YOUR OBJECTIVE.
Your response should consist of every entry, unchanged.

(Collection entries)
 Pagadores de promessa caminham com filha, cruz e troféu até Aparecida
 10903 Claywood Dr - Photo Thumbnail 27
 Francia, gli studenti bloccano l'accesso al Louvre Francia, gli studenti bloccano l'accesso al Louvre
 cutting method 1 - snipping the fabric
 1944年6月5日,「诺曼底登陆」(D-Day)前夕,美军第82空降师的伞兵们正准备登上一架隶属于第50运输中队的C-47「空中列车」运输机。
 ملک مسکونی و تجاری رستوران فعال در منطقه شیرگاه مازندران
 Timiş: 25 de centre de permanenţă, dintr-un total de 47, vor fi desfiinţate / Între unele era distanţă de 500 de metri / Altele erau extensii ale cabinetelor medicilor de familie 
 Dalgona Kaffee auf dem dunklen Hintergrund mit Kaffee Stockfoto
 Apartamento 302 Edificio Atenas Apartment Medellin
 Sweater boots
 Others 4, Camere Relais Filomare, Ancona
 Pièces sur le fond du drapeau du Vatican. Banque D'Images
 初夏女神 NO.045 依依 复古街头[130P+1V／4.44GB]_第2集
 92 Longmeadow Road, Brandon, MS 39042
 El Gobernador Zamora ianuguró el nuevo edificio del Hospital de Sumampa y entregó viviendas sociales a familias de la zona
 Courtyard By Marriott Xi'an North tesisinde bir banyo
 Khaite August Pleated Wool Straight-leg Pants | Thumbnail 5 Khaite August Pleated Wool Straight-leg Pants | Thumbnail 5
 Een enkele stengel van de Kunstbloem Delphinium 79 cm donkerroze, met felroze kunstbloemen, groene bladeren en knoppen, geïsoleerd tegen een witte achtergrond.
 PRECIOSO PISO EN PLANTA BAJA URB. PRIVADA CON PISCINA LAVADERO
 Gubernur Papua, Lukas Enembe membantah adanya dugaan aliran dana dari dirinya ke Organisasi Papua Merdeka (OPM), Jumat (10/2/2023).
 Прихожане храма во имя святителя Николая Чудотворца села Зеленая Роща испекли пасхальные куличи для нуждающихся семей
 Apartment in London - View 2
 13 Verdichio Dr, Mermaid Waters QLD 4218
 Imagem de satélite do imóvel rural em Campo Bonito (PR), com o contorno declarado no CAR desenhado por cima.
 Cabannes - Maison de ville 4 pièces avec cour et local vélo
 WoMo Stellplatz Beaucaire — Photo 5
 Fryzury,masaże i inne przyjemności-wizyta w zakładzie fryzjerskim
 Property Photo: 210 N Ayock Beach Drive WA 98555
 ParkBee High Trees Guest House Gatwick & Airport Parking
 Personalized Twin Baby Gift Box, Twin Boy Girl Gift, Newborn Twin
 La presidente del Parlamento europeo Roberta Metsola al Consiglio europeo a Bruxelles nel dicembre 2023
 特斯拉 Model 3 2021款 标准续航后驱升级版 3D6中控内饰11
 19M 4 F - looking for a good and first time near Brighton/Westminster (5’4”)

FINISHED EXERCISE.
 Pagadores de promessa caminham com filha, cruz e troféu até Aparecida
 10903 Claywood Dr - Photo Thumbnail 27
 Francia, gli studenti bloccano l'accesso al Louvre Francia, gli studenti bloccano l'accesso al Louvre
 cutting method 1 - snipping the fabric
 1944年6月5日,「诺曼底登陆」(D-Day)前夕,美军第82空降师的伞兵们正准备登上一架隶属于第50运输中队的C-47「空中列车」运输机。
 ملک مسکونی و تجاری رستوران فعال در منطقه شیرگاه مازندران
 Timiş: 25 de centre de permanenţă, dintr-un total de 47, vor fi desfiinţate / Între unele era distanţă de 500 de metri / Altele erau extensii ale cabinetelor medicilor de familie 
 Dalgona Kaffee auf dem dunklen Hintergrund mit Kaffee Stockfoto
 Apartamento 302 Edificio Atenas Apartment Medellin
 Sweater boots
 Others 4, Camere Relais Filomare, Ancona
 Pièces sur le fond du drapeau du Vatican. Banque D'Images
 初夏女神 NO.045 依依 复古街头[130P+1V／4.44GB]_第2集
 92 Longmeadow Road, Brandon, MS 39042
 El Gobernador Zamora ianuguró el nuevo edificio del Hospital de Sumampa y entregó viviendas sociales a familias de la zona
 Courtyard By Marriott Xi'an North tesisinde bir banyo
 Khaite August Pleated Wool Straight-leg Pants | Thumbnail 5 Khaite August Pleated Wool Straight-leg Pants | Thumbnail 5
 Een enkele stengel van de Kunstbloem Delphinium 79 cm donkerroze, met felroze kunstbloemen, groene bladeren en knoppen, geïsoleerd tegen een witte achtergrond.
 PRECIOSO PISO EN PLANTA BAJA URB. PRIVADA CON PISCINA LAVADERO
 Gubernur Papua, Lukas Enembe membantah adanya dugaan aliran dana dari dirinya ke Organisasi Papua Merdeka (OPM), Jumat (10/2/2023).
 Прихожане храма во имя святителя Николая Чудотворца села Зеленая Роща испекли пасхальные куличи для нуждающихся семей
 Apartment in London - View 2
 13 Verdichio Dr, Mermaid Waters QLD 4218
 Imagem de satélite do imóvel rural em Campo Bonito (PR), com o contorno declarado no CAR desenhado por cima.
 Cabannes - Maison de ville 4 pièces avec cour et local vélo
 WoMo Stellplatz Beaucaire — Photo 5
 Fryzury,masaże i inne przyjemności-wizyta w zakładzie fryzjerskim
 Property Photo: 210 N Ayock Beach Drive WA 98555
 ParkBee High Trees Guest House Gatwick & Airport Parking
 Personalized Twin Baby Gift Box, Twin Boy Girl Gift, Newborn Twin
 La presidente del Parlamento europeo Roberta Metsola al Consiglio europeo a Bruxelles nel dicembre 2023
 特斯拉 Model 3 2021款 标准续航后驱升级版 3D6中控内饰11
 19M 4 F - looking for a good and first time near Brighton/Westminster (5’4”)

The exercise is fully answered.